Work required:
Below are lines of records; copy exactly those from the one containing "Coaster® Miranda White" through the one containing "Scandinavian Acrylic Nightstand 2-Tier", leaving the pictures behind.

Records shown:
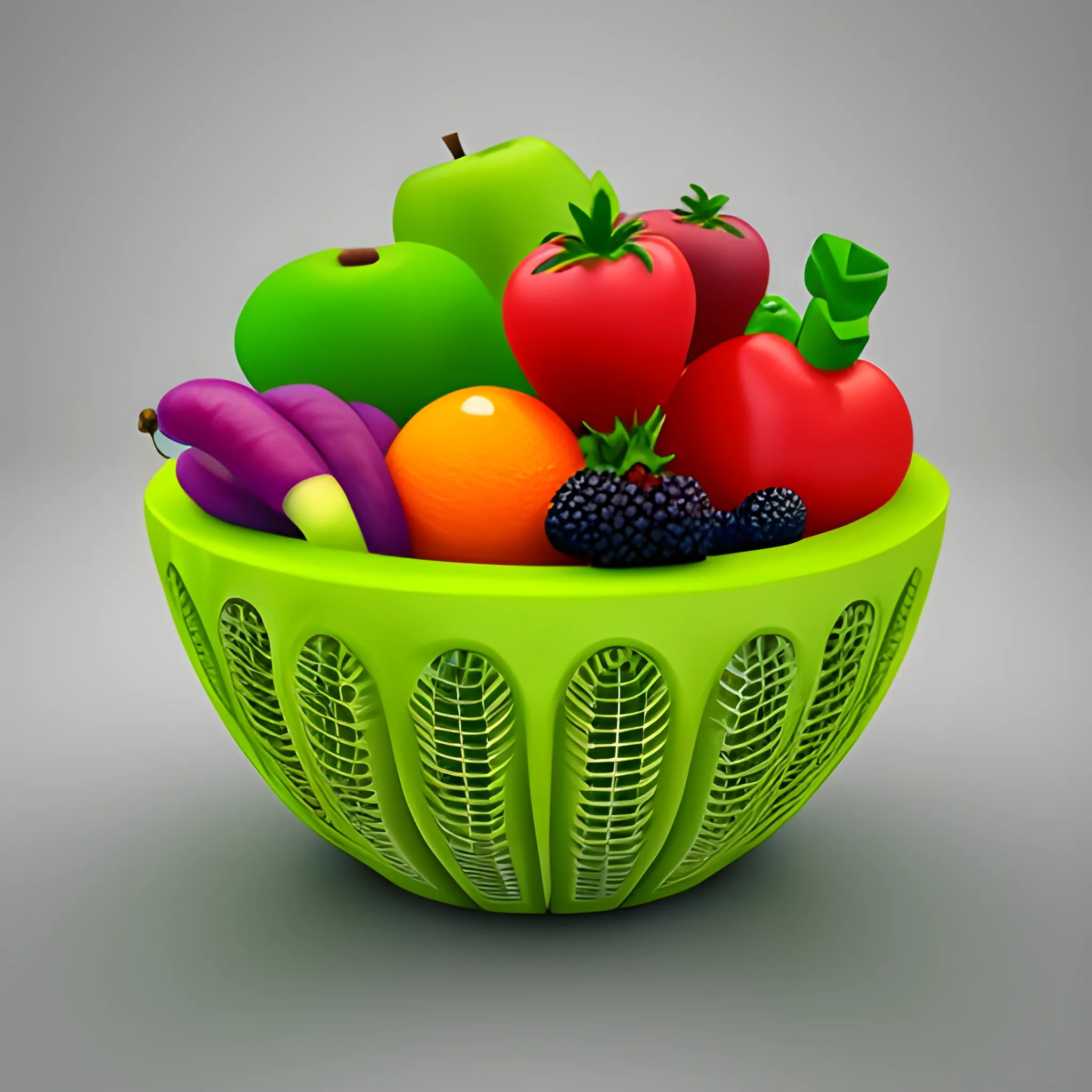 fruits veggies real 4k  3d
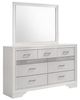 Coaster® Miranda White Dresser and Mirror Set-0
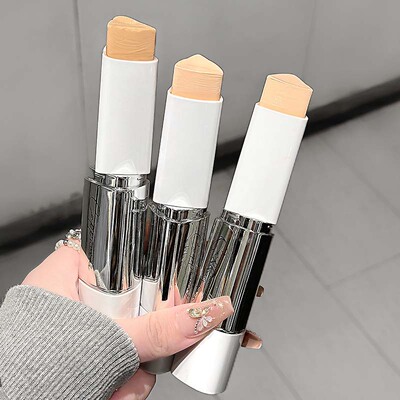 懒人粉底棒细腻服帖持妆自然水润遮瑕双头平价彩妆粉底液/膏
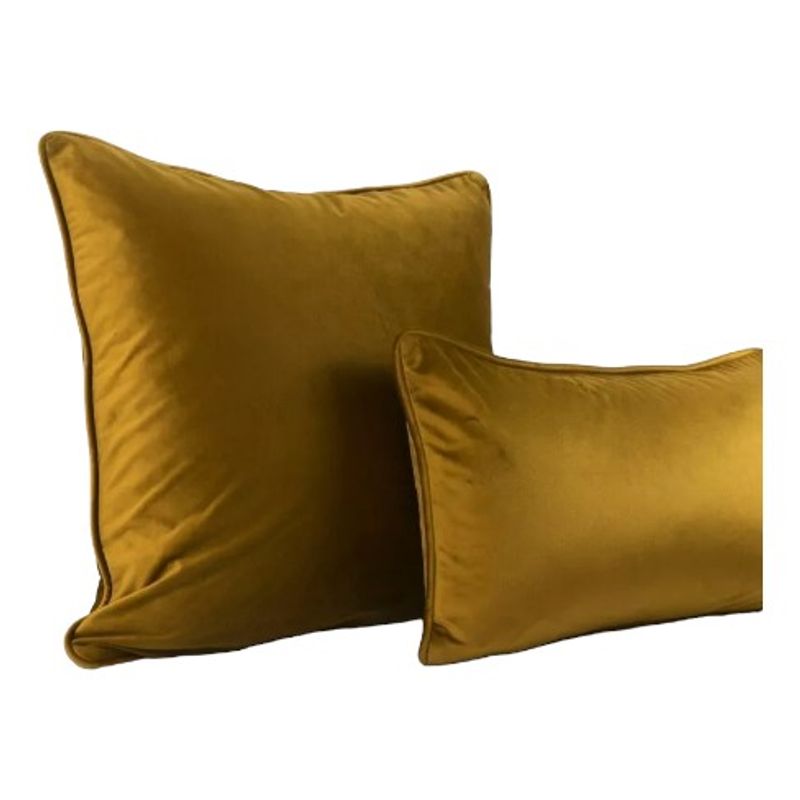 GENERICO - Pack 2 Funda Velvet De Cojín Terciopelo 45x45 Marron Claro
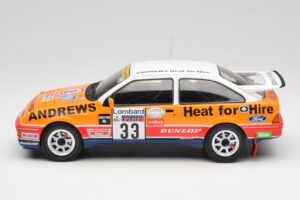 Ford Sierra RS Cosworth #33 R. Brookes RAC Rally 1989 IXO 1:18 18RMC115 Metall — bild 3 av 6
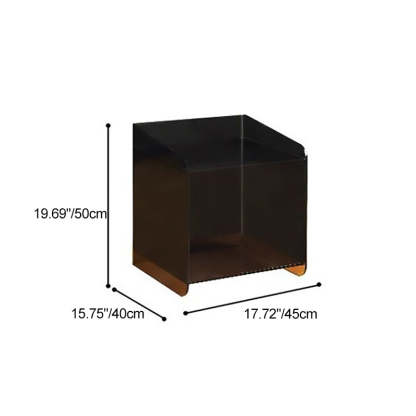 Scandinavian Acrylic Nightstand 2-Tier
---
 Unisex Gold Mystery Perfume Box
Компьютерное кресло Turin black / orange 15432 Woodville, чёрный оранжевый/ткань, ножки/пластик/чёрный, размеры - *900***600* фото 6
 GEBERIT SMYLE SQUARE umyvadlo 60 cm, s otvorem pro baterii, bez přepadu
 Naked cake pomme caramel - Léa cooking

Task result:
 Coaster® Miranda White Dresser and Mirror Set-0
 懒人粉底棒细腻服帖持妆自然水润遮瑕双头平价彩妆粉底液/膏
 GENERICO - Pack 2 Funda Velvet De Cojín Terciopelo 45x45 Marron Claro
 Ford Sierra RS Cosworth #33 R. Brookes RAC Rally 1989 IXO 1:18 18RMC115 Metall — bild 3 av 6
 Scandinavian Acrylic Nightstand 2-Tier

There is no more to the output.